TASK STATEMENT:
Exactly as they stand, write out all of the entries again.

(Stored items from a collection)

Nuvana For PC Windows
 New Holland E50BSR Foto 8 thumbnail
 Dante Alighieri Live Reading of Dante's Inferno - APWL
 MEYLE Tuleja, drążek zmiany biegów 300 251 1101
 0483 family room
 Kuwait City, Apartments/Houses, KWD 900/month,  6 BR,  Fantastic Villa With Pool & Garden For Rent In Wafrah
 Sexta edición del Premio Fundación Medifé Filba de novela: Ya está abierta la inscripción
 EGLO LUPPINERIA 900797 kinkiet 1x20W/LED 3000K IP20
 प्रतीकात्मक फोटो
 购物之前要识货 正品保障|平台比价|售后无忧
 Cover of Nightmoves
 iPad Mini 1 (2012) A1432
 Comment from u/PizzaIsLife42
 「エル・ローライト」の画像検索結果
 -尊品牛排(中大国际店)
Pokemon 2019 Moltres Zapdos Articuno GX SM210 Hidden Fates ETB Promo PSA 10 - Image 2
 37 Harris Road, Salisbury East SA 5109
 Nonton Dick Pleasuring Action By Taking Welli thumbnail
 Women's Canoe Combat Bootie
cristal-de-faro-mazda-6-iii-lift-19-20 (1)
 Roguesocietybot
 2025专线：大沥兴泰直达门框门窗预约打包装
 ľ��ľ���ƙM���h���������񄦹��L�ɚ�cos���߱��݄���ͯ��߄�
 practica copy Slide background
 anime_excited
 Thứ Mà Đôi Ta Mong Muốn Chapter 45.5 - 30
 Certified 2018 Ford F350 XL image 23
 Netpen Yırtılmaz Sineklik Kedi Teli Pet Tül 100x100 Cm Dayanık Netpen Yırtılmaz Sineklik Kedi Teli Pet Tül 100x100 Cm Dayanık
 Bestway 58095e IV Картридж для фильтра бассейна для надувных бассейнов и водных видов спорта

TASK RESPONSE:
Nuvana For PC Windows
 New Holland E50BSR Foto 8 thumbnail
 Dante Alighieri Live Reading of Dante's Inferno - APWL
 MEYLE Tuleja, drążek zmiany biegów 300 251 1101
 0483 family room
 Kuwait City, Apartments/Houses, KWD 900/month,  6 BR,  Fantastic Villa With Pool & Garden For Rent In Wafrah
 Sexta edición del Premio Fundación Medifé Filba de novela: Ya está abierta la inscripción
 EGLO LUPPINERIA 900797 kinkiet 1x20W/LED 3000K IP20
 प्रतीकात्मक फोटो
 购物之前要识货 正品保障|平台比价|售后无忧
 Cover of Nightmoves
 iPad Mini 1 (2012) A1432
 Comment from u/PizzaIsLife42
 「エル・ローライト」の画像検索結果
 -尊品牛排(中大国际店)
Pokemon 2019 Moltres Zapdos Articuno GX SM210 Hidden Fates ETB Promo PSA 10 - Image 2
 37 Harris Road, Salisbury East SA 5109
 Nonton Dick Pleasuring Action By Taking Welli thumbnail
 Women's Canoe Combat Bootie
cristal-de-faro-mazda-6-iii-lift-19-20 (1)
 Roguesocietybot
 2025专线：大沥兴泰直达门框门窗预约打包装
 ľ��ľ���ƙM���h���������񄦹��L�ɚ�cos���߱��݄���ͯ��߄�
 practica copy Slide background
 anime_excited
 Thứ Mà Đôi Ta Mong Muốn Chapter 45.5 - 30
 Certified 2018 Ford F350 XL image 23
 Netpen Yırtılmaz Sineklik Kedi Teli Pet Tül 100x100 Cm Dayanık Netpen Yırtılmaz Sineklik Kedi Teli Pet Tül 100x100 Cm Dayanık
 Bestway 58095e IV Картридж для фильтра бассейна для надувных бассейнов и водных видов спорта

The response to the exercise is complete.